Il racconto di un monaco dell’Athos

Tutte queste parole possono sembrare una leggenda, frutto della fantasia di un monaco esibizionista. Ma vediamo di comprendere insieme, cogliendo in una storia dell’oggi, cosa può spingere un uomo o una donna, verso la solitudine. Chi scrive ha incontrato pochi giorni fa, nel monastero dell’Athos intitolato ad Osio Gregoriou, un caro amico monaco in quel cenobio da 35 anni. Per comodità lo chiameremo Petros, ma questo non è il suo vero nome. Dunque Petros ha raccontato la sua storia. “Avevo 35 anni e vivevo a Larissa (Grecia). A differenza di te ero miscredente e conducevo una vita lontana da Dio. Un giorno, mentre passeggiavo per strada, sentii fortissima una “Presenza”, che mi interrogava e diceva: “Esisto io?”. Fu uno shock!

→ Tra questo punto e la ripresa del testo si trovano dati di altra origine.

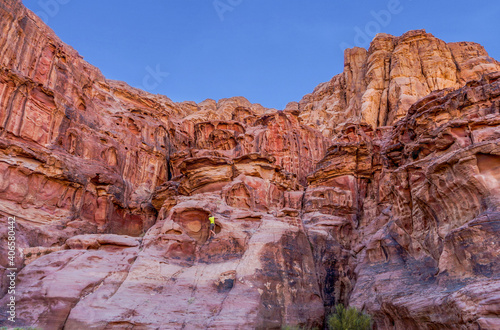 Jordan, Wadi Rum, a person is climbing a the rock. 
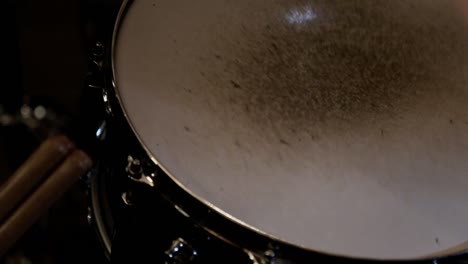 close up of a drummer playing on a snare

Non vedevo immagini e non sentivo parole come fossero pronunciate da una bocca. Era strano. Era come se “capissi”, quello che mi veniva detto. Quello che dominava era la presenza di Dio. Forte. Fortissima. Naturalmente mi convertii, tuttavia la Divina Presenza continuò a irrompere nella mia vita per mesi. Massimo, era così forte che non potevo più continuare a vivere nel mondo”, continuò Petros. “Così andai all’Athos e parlai con Padre Paissios, a quell’epoca ancora vivo. Egli mi disse: prova qualche monastero, vedi quello dove ti senti più a tuo agio e là fermati. Così ho fatto e mi sono fermato 35 anni qui, ad Osio Gregoriou”.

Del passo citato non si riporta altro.